Niña amada mía (English: My lovely girl) is a Mexican telenovela produced by Angelli Nesma for Televisa in 2003. It's an adaptation of the 1985 Venezuelan telenovela Las Amazonas.

On Monday, January 27, 2003, Canal de las Estrellas started broadcasting Niña amada mía weekdays at 8:00pm, replacing Así son ellas. The last episode was broadcast on Friday, June 27, 2003, with Velo de novia replacing it on Monday, June 30, 2003.

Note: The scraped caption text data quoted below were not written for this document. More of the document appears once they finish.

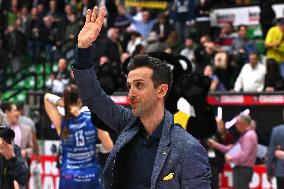 VOLLEY - Serie A1 Femminile - Prosecco Doc A.Carraro Imoco Conegliano vs Omag-Mt San Giovanni In M.No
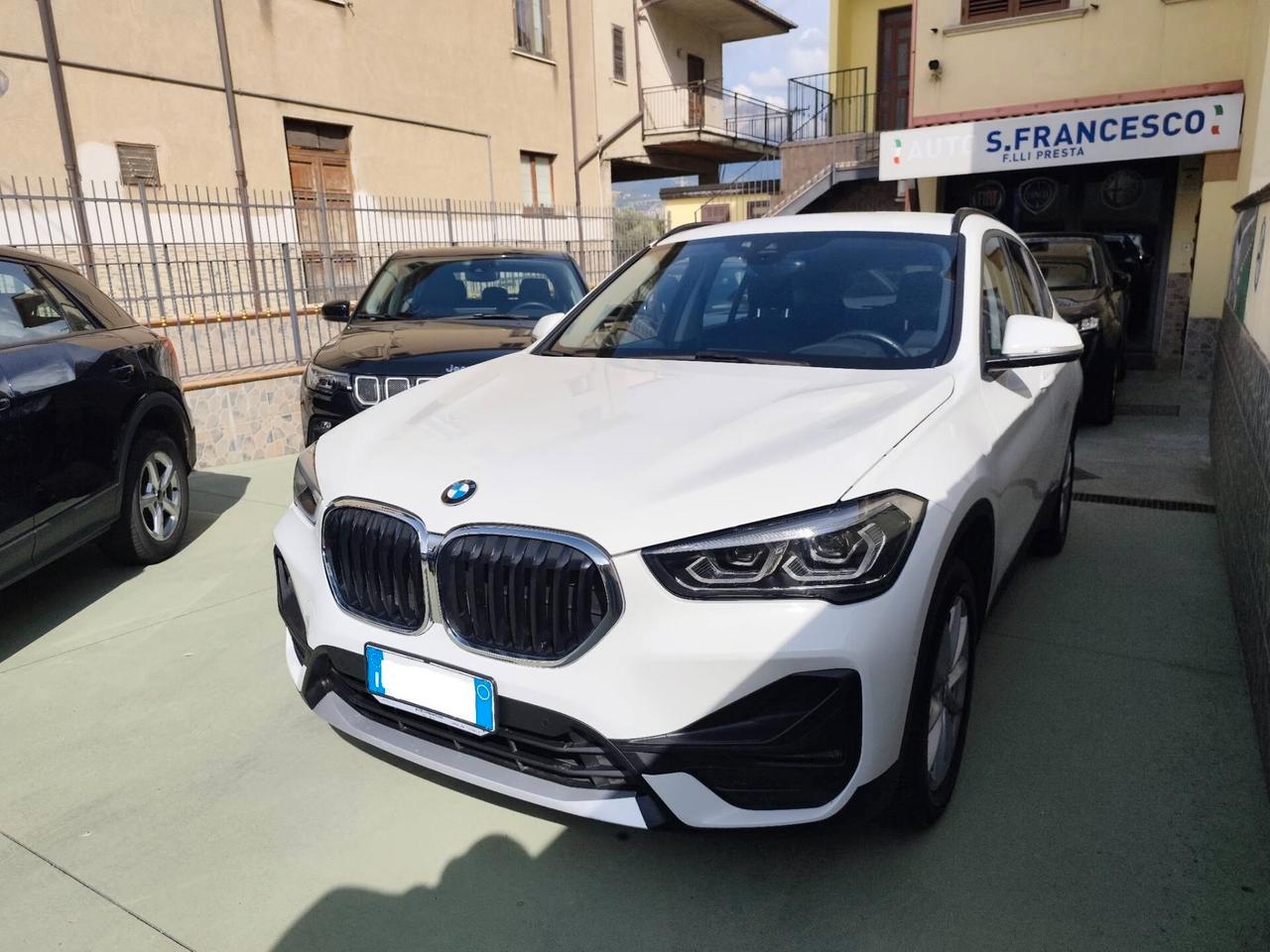 Bmw X1 18d 2.0 Advantage 150cv - 2022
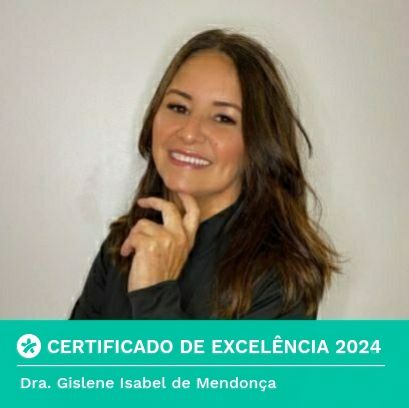 Gislene Isabel de Mendonça, Dentista Guarujá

The series stars Karyme Lozano, Sergio Goyri, Mayrin Villanueva, Otto Sirgo, Ludwika Paleta and Julio Mannino.

Plot
Clemente Soriano prides himself on his wealth, power and family. He has three beautiful daughters, a young, beautiful wife, and loyal servants. He believes that his daughters, Isabela, Diana, and Carolina, only deserve the best. However, past the mask of a loving father lays the man who will do anything to gain what he wants. Even murder.

Octavio Uriarte and his mother Socorro have been the enemies of Clemente, since the birth of his first daughter. Both Uriartes are convinced that Clemente killed Octavio's brother, Servando, to gain possession of his ranch "La Noria" and his wife Isabella. But only Paz, the faithful maid and nanny of Clemente's daughters, and Pascual, the foreman of "La Noria", know the truth of what really happened between Clemente and Servando 28 years ago.

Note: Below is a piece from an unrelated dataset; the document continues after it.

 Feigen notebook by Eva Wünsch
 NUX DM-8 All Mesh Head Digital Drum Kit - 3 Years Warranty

Isabella, the eldest of Clemente's daughters, is her father's pride and joy. She is prideful, and is ruthless in business, just like her father. She loves her father, and believes that her father's new wife, Karina, is only interested in the wealth and power she gains from her marriage.

Isabella becomes engaged to Cesar the horse trainer in the Olympio, however she finds herself attracted to the new veterinarian Victor Izzaguirre. Victor Izaguirre, a well-known veterinarian who is not legally divorced from his estranged wife Consuelo, the mother of his two daughters: Ximena and Pili.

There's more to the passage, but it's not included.